衆院解散「検討の様子ない」―自民・森山氏
自民党の森山裕選対委員長は衆院解散・総選挙について「いつあるかも分からない。(岸田文雄)首相がいつということを考えている様子もない」と述べた。長崎県佐世保市で開かれた党支部の会合で講演した。早期解散がなければ、衆院長崎4区の補欠選挙(10月22日投開票)が行われる。森山氏は補選について「10月10日に告示があることを強く認識し、戦いを進めていかなければならない」と引き締めた。
26日(土)
山口・公明代表 訪中を延期
公明党は山口那津男代表の28日からの中国訪問を延期すると発表した。中国側から「当面の日中関係の状況に鑑み、適切なタイミングではない」と伝えられたという。中国は東京電力福島第1原発の処理水放出に強く反発しており、判断に影響したとみられる。
29日(火)
「極超音速」新迎撃弾、来春にも日米開発着手─防衛庁
防衛省は音速の5倍(マッハ5)以上の高速で飛ぶ「極超音速兵器」に対処する新型迎撃ミサイルの日米共同開発について、自民党の関係会合で説明した。
日本学術会議の民間法人化など議論─政府有識者懇談会
政府は日本学術会議の組織の在り方を検討する有識者懇談会(座長・岸輝雄東京大名誉教授)の初会合を内閣府で開いた。国の「特別の機関」という現在の位置付けを見直し、民間組織化も含めて議論を行う。政府は有識者からの意見を踏まえた上で、今後の対応を検討する。
30日(水)
サイバー特捜隊を部に格上げ、警察庁
被害が深刻化するサイバー犯罪や攻撃に対処するため、警察庁が発表した2024年度の組織改正要求で、サイバー特別捜査隊を「特別捜査部」に格上げすることを明記した。部の中に「特別捜査課」と「企画分析課」を置き、海外当局との共同捜査に積極的に取り組む方針。
31日(木)
来年度予算、概算要求114兆円前後
財務省は各省庁からの2024年度予算の概算要求を締め切った。一般会計の要求総額は114兆円前後となり、過去最大だった22年度(111兆6559億円)を上回る見通し。110兆円を超えるのは3年連続。岸田政権が増額を目指す防衛費や、借金に当たる国債の利払い費が膨らんだ。近く要求額の集計結果を公表する。
防衛省概算要求、過去最大7・7兆円
防衛省は2024年度予算概算要求を発表した。総額は過去最大の7兆7385億円。
自民安倍派、新体制発足
自民党安倍派(清和政策研究会)は総会で、新たな集団指導体制を正式に発足させた。会長不在は続き、意思決定を担う「常任幹事会」は15人に膨れ上がる。集団指導に反対し、幹事会メンバーから外された下村博文元政調会長は不満をにじませるなど、党内最大派閥の結束力の低下が改めて浮き彫りになった。
9月1日(金)
ライドシェア解禁を―小泉元環境相
自民党の小泉進次郎元環境相は札幌市内で講演し、一般ドライバーが有償で他人を送迎するライドシェアの解禁を訴えた。「タクシーだけで交通の不便さを解消することはもはやできない」と強調した。観光客が増加する一方、移動手段の供給が追い付いていないとして、「完全に経済へのダメージだ」と指摘した。
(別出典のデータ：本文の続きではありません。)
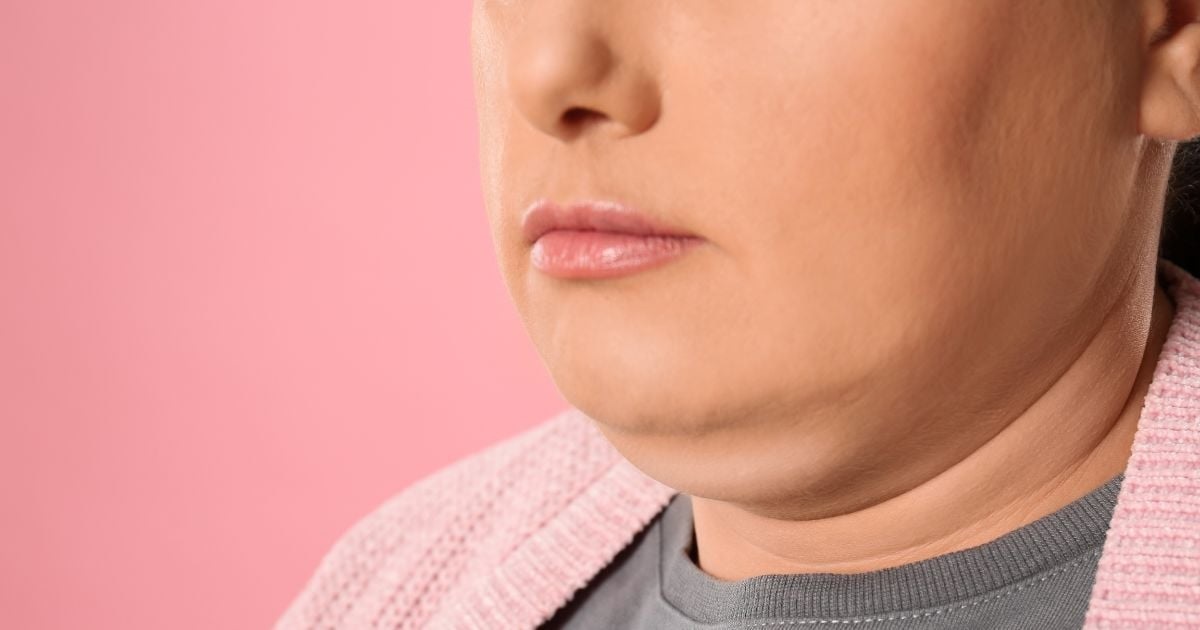 Dealing with double chin? Here are 3 ways to tone, tighten the chin and jaw area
秋本議員への資金提供「国会質問への謝礼の趣旨」─日本風力開発・塚脇氏供述
洋上風力発電事業を巡る汚職事件で、「日本風力開発」(東京)の塚脇正幸社長(64)が東京地検特捜部に対し、秋本真利・衆院議員(48)に提供した資金について、「国会質問への謝礼の趣旨があった」と供述していることがわかった。同社は1日付で塚脇社長の辞任を発表。
2日(土)
国民代表選、玉木氏が再選
国民民主党の代表選が東京都内での臨時党大会で投開票され、玉木雄一郎代表(54)が前原誠司代表代行(61)を破り、再選された。